In private companies, ESOP employees must be able to vote
their allocated shares on major issues, such as closing or relocating, but
the company can choose whether to pass through other voting rights, such
as voting for the board of directors, or other issues. In public companies,
employees must be able to vote all issues.
Department of Commerce figures show that there
are in excess of 170,000 companies in the U. S. with 20 to 999 employees, which are
potentially suitable for ESOPs. These are virtually all privately
held. The National Center for Employee Ownership shows that there
are only about 11,000 ESOPs amongst this group. Thus the penetration is
about 6.5%.
With the virtual collapse of credit markets in 2008, exit opportunities
for owners of small businesses have been dramatically and negatively
impacted. Selling a company to an outside party may not be feasible
both for tax reasons and availability of financing. However in some cases
an ESOP is feasible because the seller can carry back a note for all or
part of the purchase price from an ESOP. This can be combined with
institutional debt and possible investment by private equity, to form a
new capital structure that effectively “buys out” the selling shareholder.

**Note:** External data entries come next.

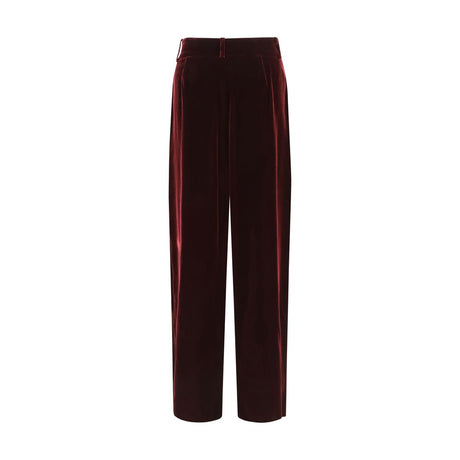 Giorgio Armani Bordeaux Viscose Dress Pants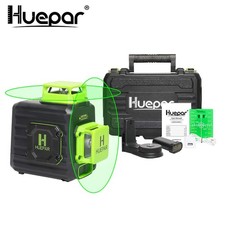 Huepar Niveau Laser Vert à 2x360 avec Batterie Li-ion Rechargeable & Étui rigide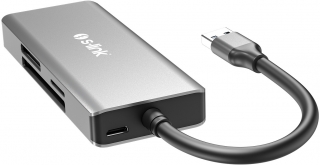 S-link SL-CR51 Type-C ve USB 3.0 CF SD M2 MicroSD MS Dönüştürücü
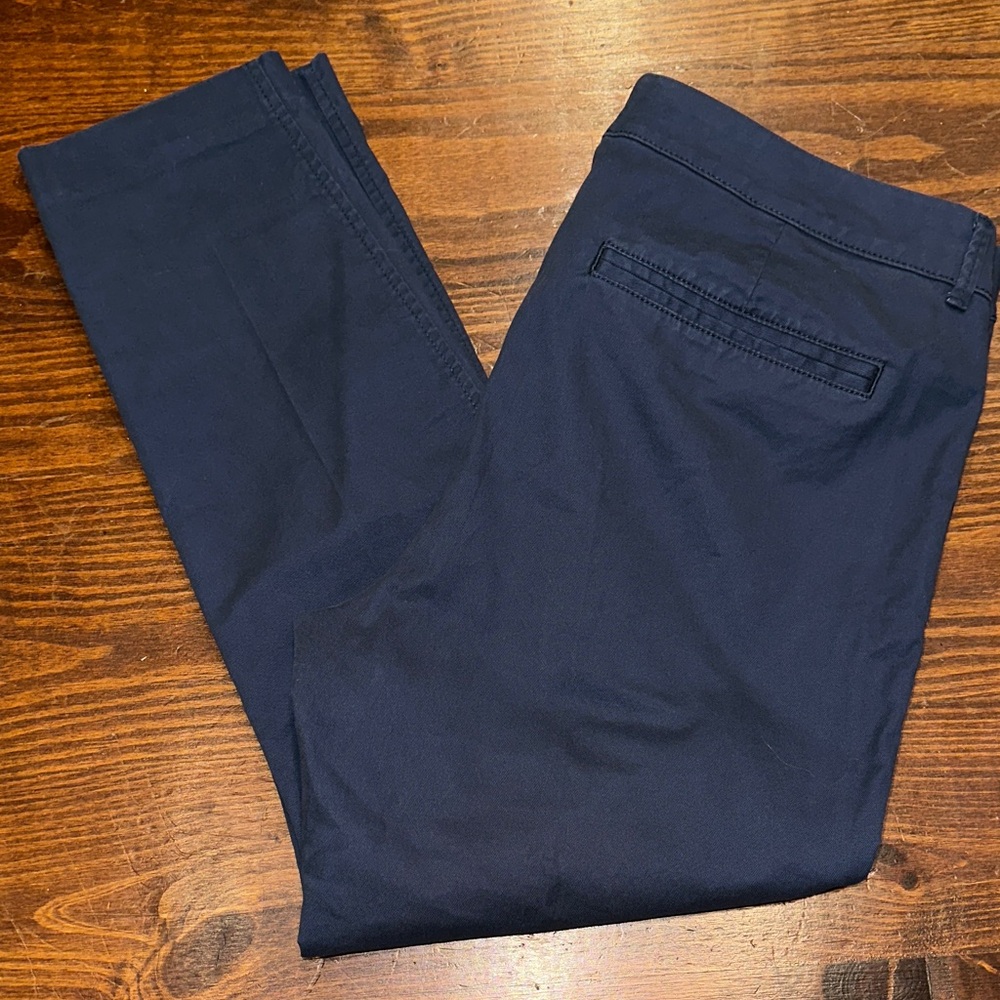 Old Navy Dark Navy Cropped Ankle Chinos
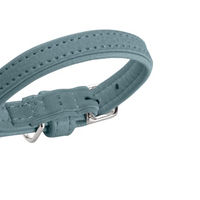 Produktbild von Hunter Hundehalsband Soho Mini aus Leder für Welpen und kleine Hunde hellblau Größe XS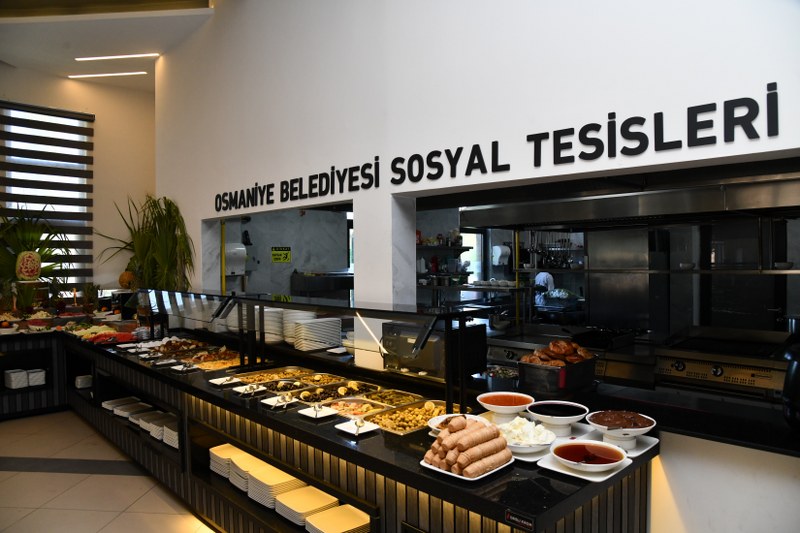 Osmaniye Belediyesi Millet Bahçesi Sosyal Tesisler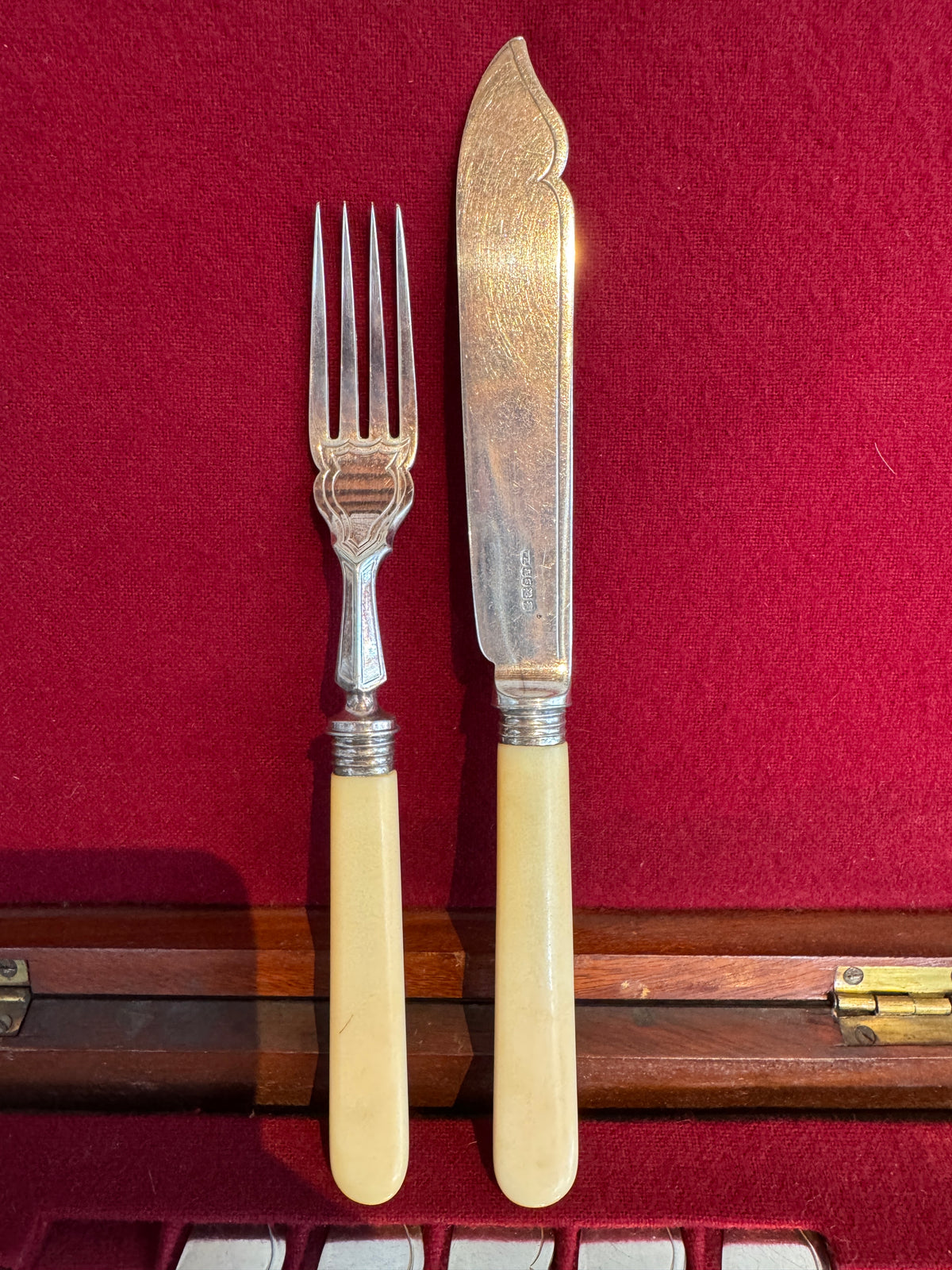Late Victorian English Fish Set
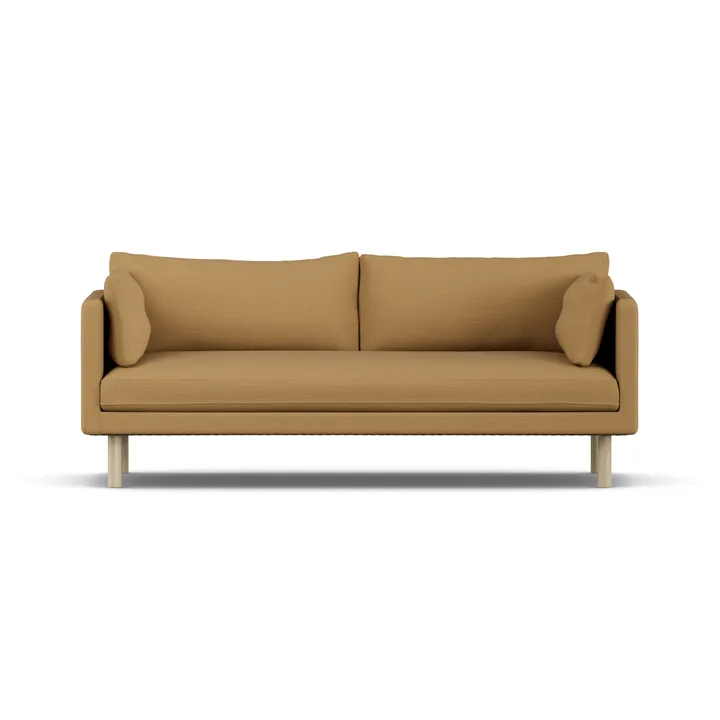 Linnevik sofa - Same Ochre 6676-dąb olejowany na biało, 3-osobowa - 1898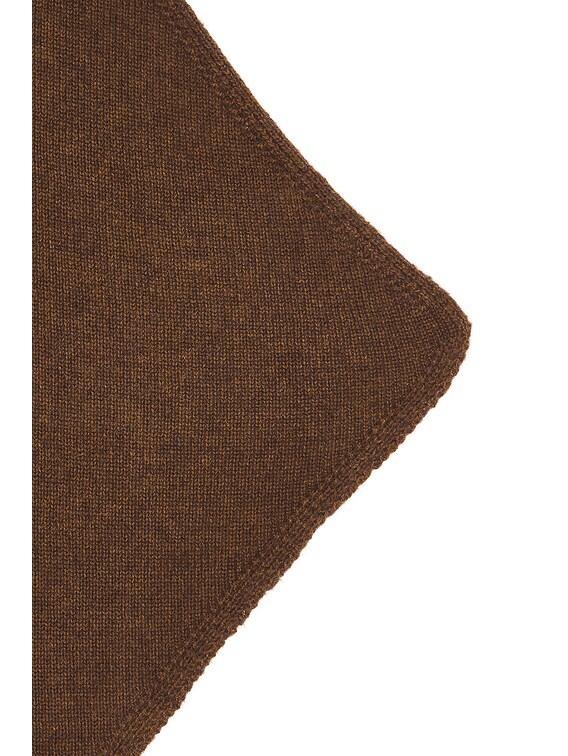 The Row Hit Scarf in Cloudy Brown | FWRD The Row Hit Scarf in Cloudy Brown | FWRD
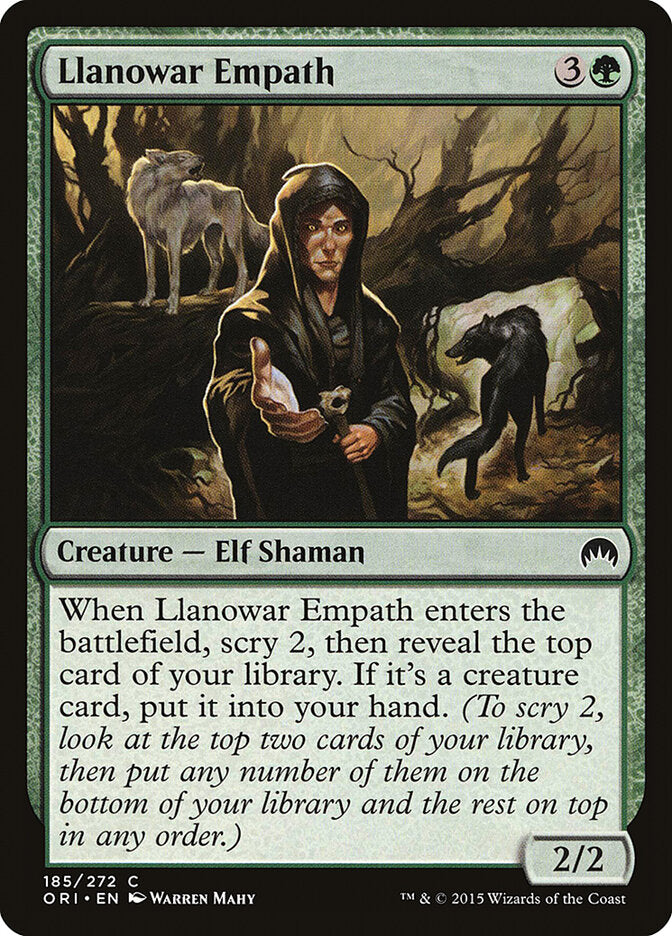 Llanowar Empath (185) - Magic Origins (ORI)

Thus a significant increase of ESOPs is expected over the next several
years as retiring “baby boomers” attempt to exit their businesses in this
environment.
TAX CONSIDERATIONS
Without
use of an ESOP, the selling owner can expect serious tax implications. In
a C- corporation he will be
double taxed, with the Federal capital gains rate expected to return to
20% as the Bush tax cuts expire in 2011. State capital gains tax
treatment differs. Some, like California, do not provide for capital gain treatment
and tax as ordinary income. The C-corporation taxes, plus brokerage commissions,
other selling costs, and personal income taxes can reduce the net on the sale by 60% to 70%
(depending on the state) or more. S-corporation owner’s fare better on a sale, but
the total cost of sale is still expected to be 30% to 40% or so, depending on
the state. Both C-corporations and S-corporations can sponsor ESOPs however the
tax advantages to the owners differ, but in both cases may provide significant
benefits.
A C corporation shareholder, who sells at
least a 30% interest to an ESOP, can roll the net sales proceeds into
investments in qualified public securities without any income tax liability.
An S-corporation seller does not get this advantage; however, for S corporations
there is no income tax liability for income allocated to the ESOP.
There are many other tax considerations, but the details of tax
treatment are beyond the scope of this paper.
A
drawback of selling to an ESOP may be that the shares are subject to a minority discount
to meet the “adequate consideration” conditions, thus providing a lower
gross price per share than the gross sales price to competitive outside
buyers. But after the comparative tax consequences are analyzed it is
quite probable that the net after-tax proceeds of the sale could be
significantly higher with a sale to an ESOP.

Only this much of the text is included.